Task item
Would you retype, word for word, the line with "JB's Hi Vis" and each line after it to the end of the entries below, leaving the pictures out?

:::::

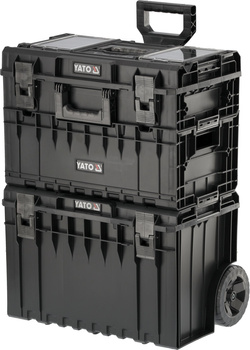 Yato zestaw skrzynek narzędziowych 42BB24P19P S1 3 sztuki YT-09161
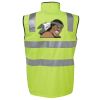JB's Hi Vis 4602.1 (D+N) Reversible Vest Thumbnail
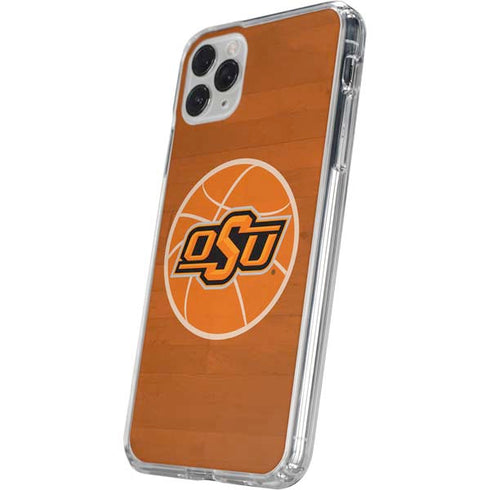 Oklahoma State University OSU Basketball iPhone 11 Pro Clear Case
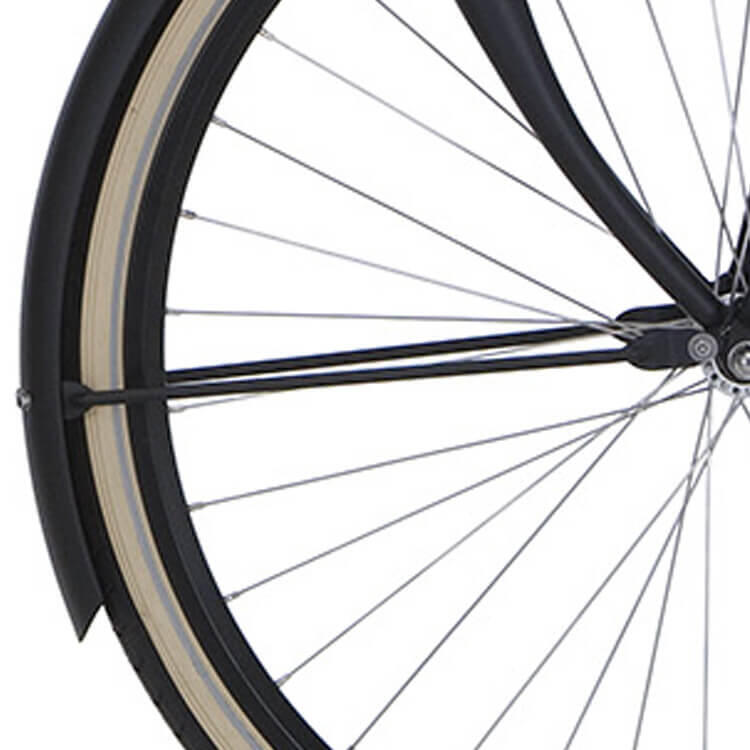 Cortina - Barre De Garde-boue Cortina Pour 28 U4 Jet Black Matt - Garde-boue - Noir - Decathlon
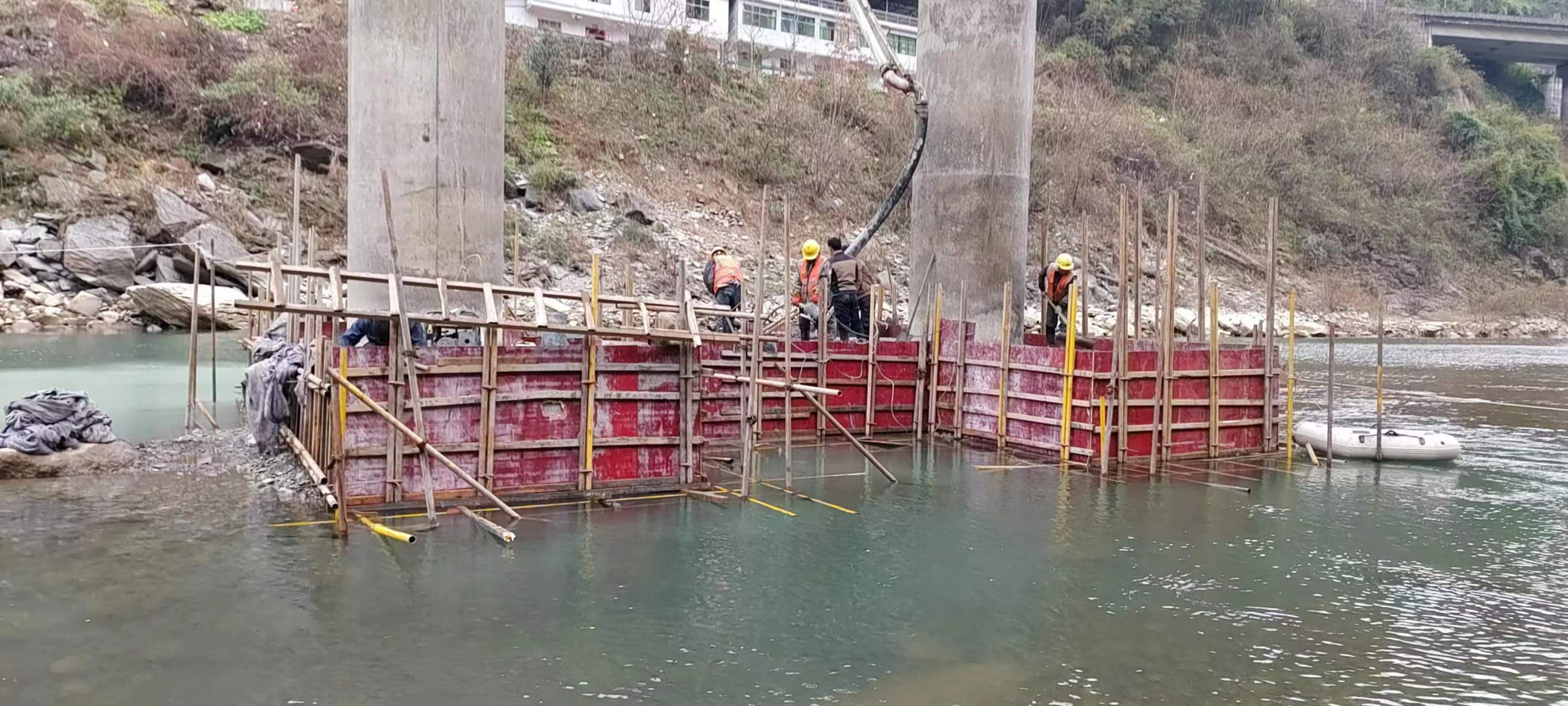 武昌水利工程施工中堤坝渗漏原因以及防渗加固技术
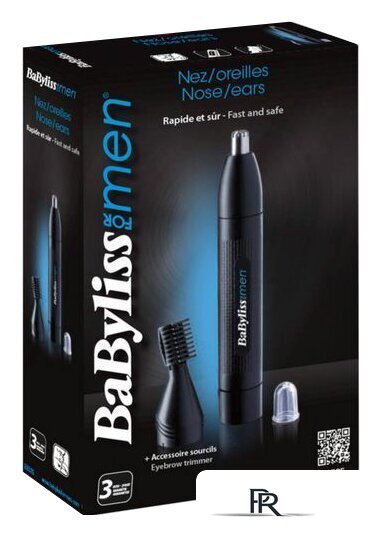 Триммер для носа и ушей BaByliss E652E - Изображение №5 — Интернет-магазин ПроЗаказ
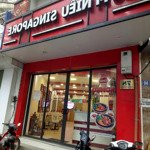 Cho thuê nhà mặt phố vương thừa vũ, 5 tầng, dt 70m2, t1 giá 8tr/th, t2 giá 6tr/th, cả nhà 15tr/th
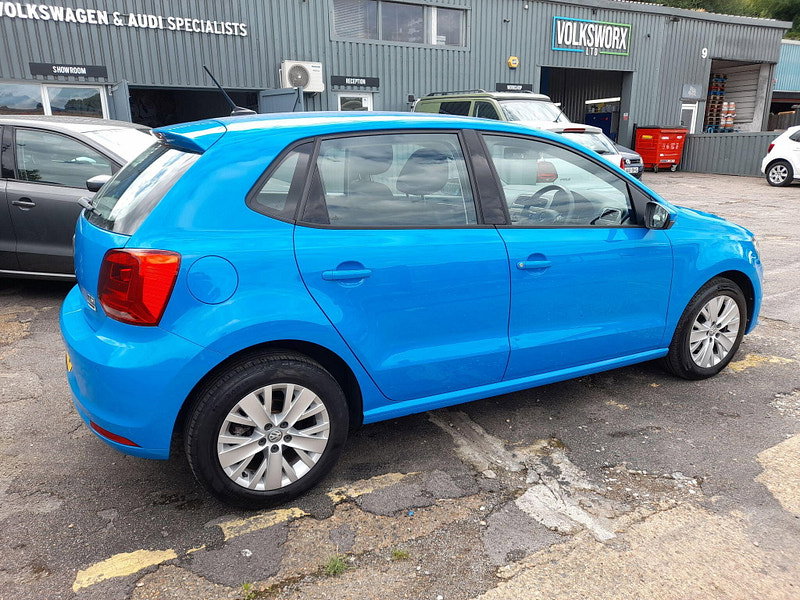 Volkswagen Polo 1.2 TSI BlueMotion Tech SE Euro 6 (s/s) 5dr 5dr Manual 2026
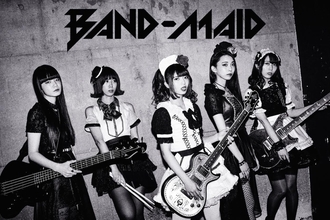 BAND-MAID メジャー3rdシングルリリース決定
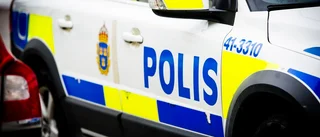 Lämnade dörren olåst - då kom tjuven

:::::

Output for this exercise
JB's Hi Vis 4602.1 (D+N) Reversible Vest Thumbnail
 Oklahoma State University OSU Basketball iPhone 11 Pro Clear Case
 Cortina - Barre De Garde-boue Cortina Pour 28 U4 Jet Black Matt - Garde-boue - Noir - Decathlon
 武昌水利工程施工中堤坝渗漏原因以及防渗加固技术
 Триммер для носа и ушей BaByliss E652E - Изображение №5 — Интернет-магазин ПроЗаказ
 Cho thuê nhà mặt phố vương thừa vũ, 5 tầng, dt 70m2, t1 giá 8tr/th, t2 giá 6tr/th, cả nhà 15tr/th
 Volkswagen Polo 1.2 TSI BlueMotion Tech SE Euro 6 (s/s) 5dr 5dr Manual 2026
 BAND-MAID メジャー3rdシングルリリース決定
 Lämnade dörren olåst - då kom tjuven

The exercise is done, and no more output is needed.